SUPPLIED ENTRIES:
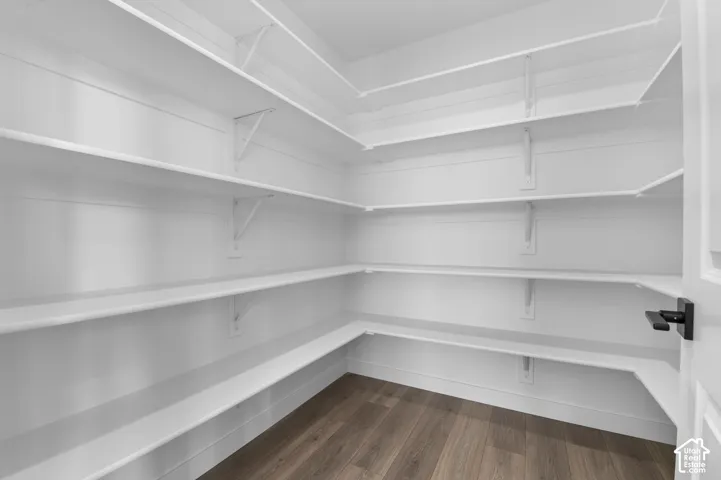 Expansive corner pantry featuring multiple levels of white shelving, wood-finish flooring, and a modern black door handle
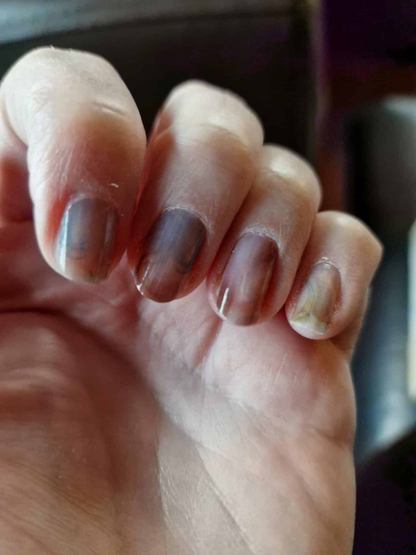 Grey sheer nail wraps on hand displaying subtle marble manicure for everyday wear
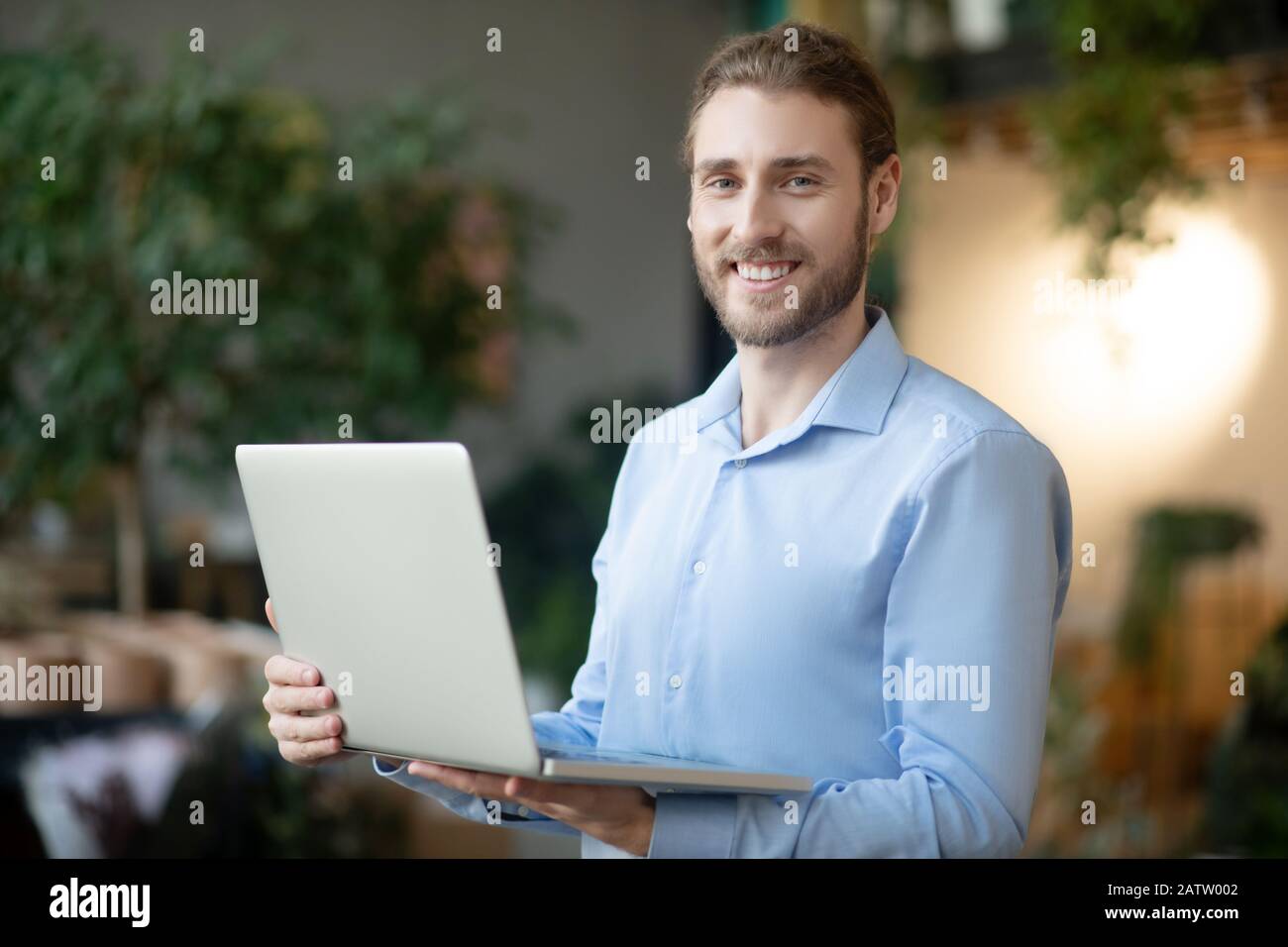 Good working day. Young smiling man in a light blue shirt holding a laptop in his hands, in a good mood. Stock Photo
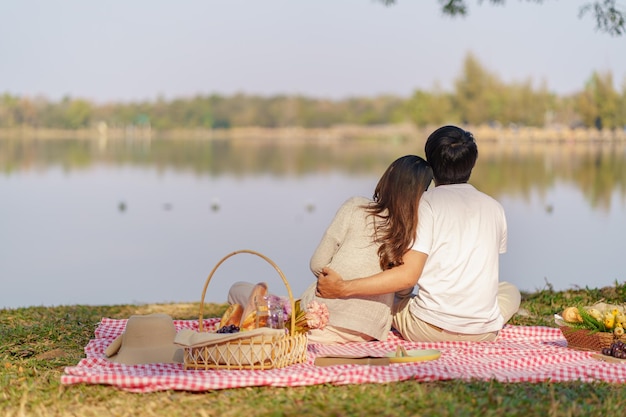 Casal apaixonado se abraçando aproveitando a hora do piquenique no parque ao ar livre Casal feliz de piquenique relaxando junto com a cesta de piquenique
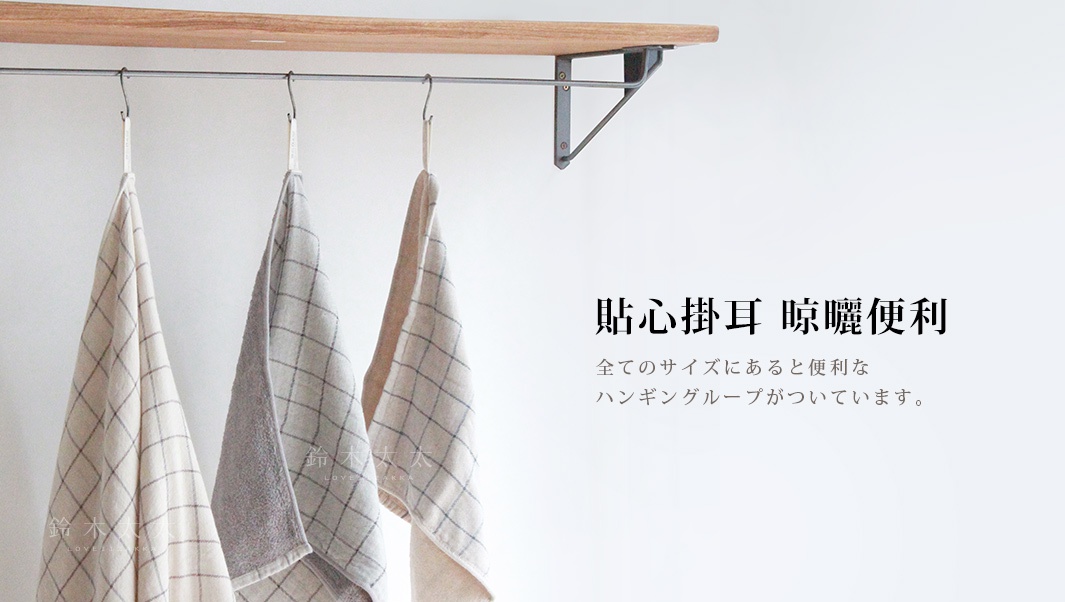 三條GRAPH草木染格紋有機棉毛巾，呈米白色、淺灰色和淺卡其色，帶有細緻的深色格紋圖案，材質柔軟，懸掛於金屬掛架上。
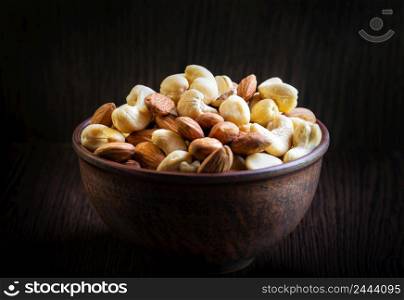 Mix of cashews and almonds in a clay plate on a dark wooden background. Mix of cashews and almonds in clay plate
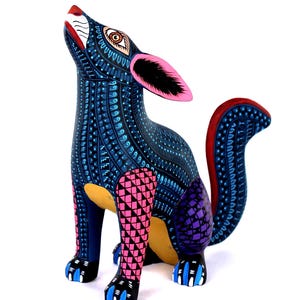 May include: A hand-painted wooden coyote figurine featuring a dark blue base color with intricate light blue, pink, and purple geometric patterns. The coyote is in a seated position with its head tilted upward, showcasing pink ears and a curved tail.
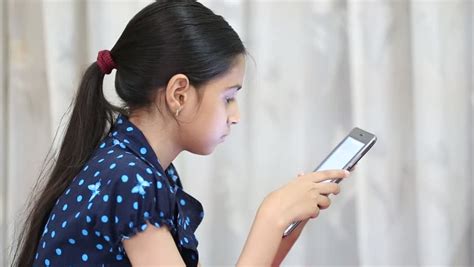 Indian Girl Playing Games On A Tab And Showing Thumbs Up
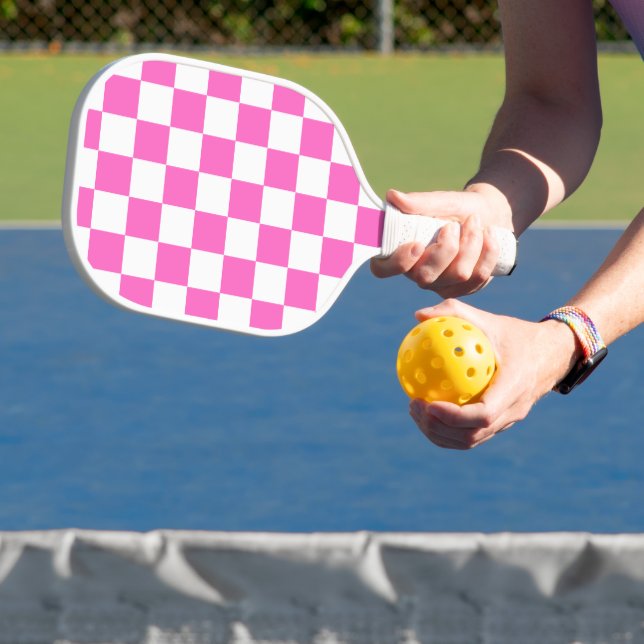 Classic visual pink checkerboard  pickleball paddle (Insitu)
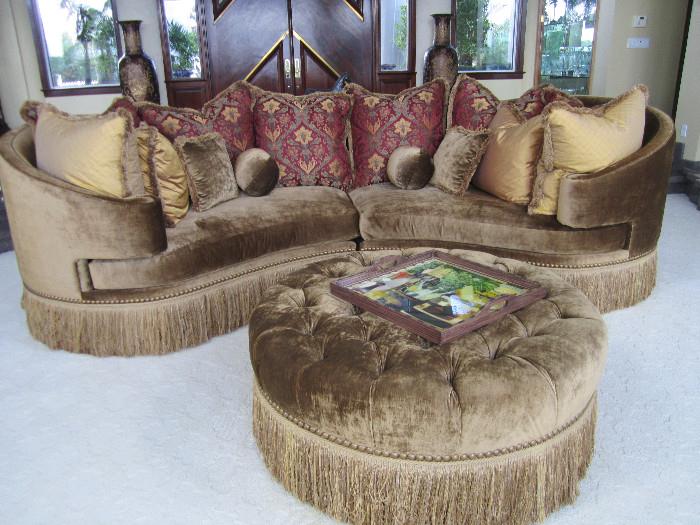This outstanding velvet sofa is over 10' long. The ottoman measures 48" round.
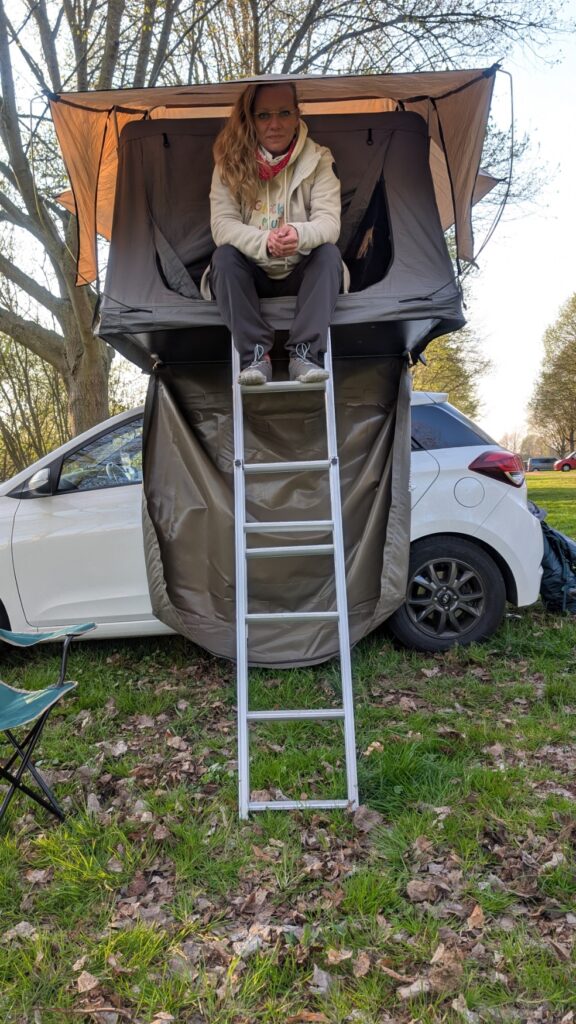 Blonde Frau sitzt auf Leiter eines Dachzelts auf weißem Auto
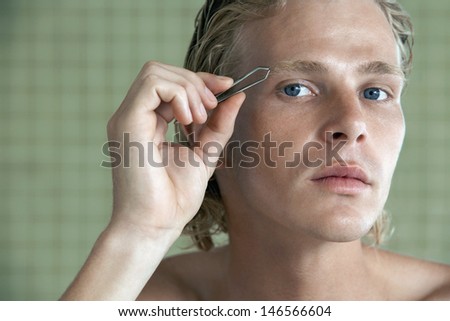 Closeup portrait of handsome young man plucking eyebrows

WHAT IS EXPECTED: Please set down every record exactly as it appears, leaving out the pictures.

RESULT OF THIS EXERCISE:
 Expansive corner pantry featuring multiple levels of white shelving, wood-finish flooring, and a modern black door handle
 Grey sheer nail wraps on hand displaying subtle marble manicure for everyday wear
 Good working day. Young smiling man in a light blue shirt holding a laptop in his hands, in a good mood. Stock Photo
 Casal apaixonado se abraçando aproveitando a hora do piquenique no parque ao ar livre Casal feliz de piquenique relaxando junto com a cesta de piquenique
 三條GRAPH草木染格紋有機棉毛巾，呈米白色、淺灰色和淺卡其色，帶有細緻的深色格紋圖案，材質柔軟，懸掛於金屬掛架上。
 Mix of cashews and almonds in a clay plate on a dark wooden background. Mix of cashews and almonds in clay plate
 May include: A hand-painted wooden coyote figurine featuring a dark blue base color with intricate light blue, pink, and purple geometric patterns. The coyote is in a seated position with its head tilted upward, showcasing pink ears and a curved tail.
 Indian Girl Playing Games On A Tab And Showing Thumbs Up
 Classic visual pink checkerboard  pickleball paddle (Insitu)
This outstanding velvet sofa is over 10' long. The ottoman measures 48" round.
 Blonde Frau sitzt auf Leiter eines Dachzelts auf weißem Auto
 Closeup portrait of handsome young man plucking eyebrows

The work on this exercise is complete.